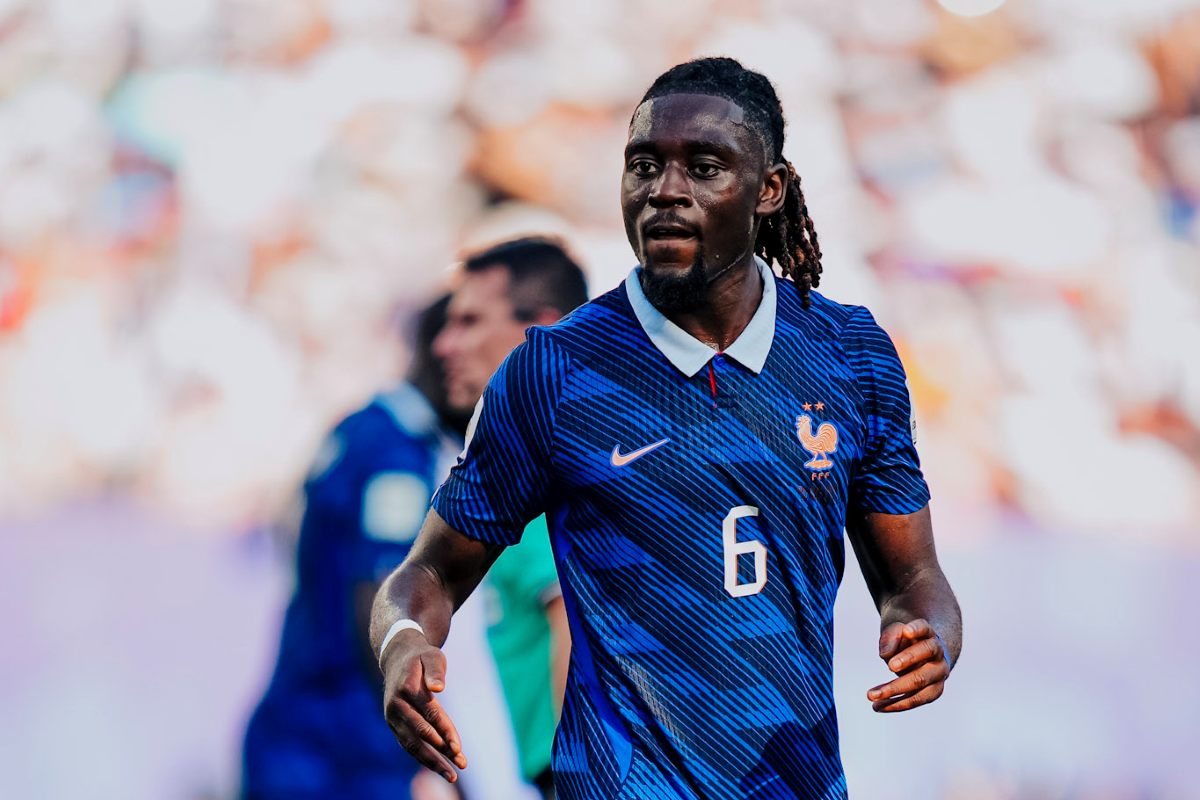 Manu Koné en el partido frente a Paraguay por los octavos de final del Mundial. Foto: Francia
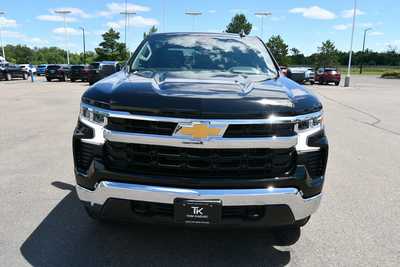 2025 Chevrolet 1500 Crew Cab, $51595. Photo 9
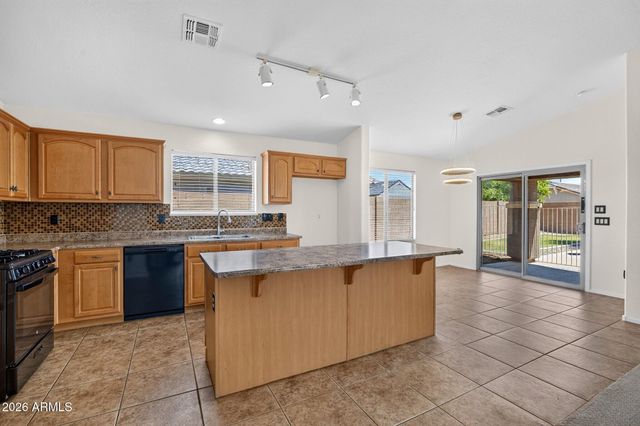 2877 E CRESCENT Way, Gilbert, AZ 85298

_Your instructions_. An exact copy is needed of the lines running from the one containing "2025 Chevrolet 1500" through the last line of the material, and of no others; pictures stay out.

_Response area_.
 2025 Chevrolet 1500 Crew Cab, $51595. Photo 9
 2877 E CRESCENT Way, Gilbert, AZ 85298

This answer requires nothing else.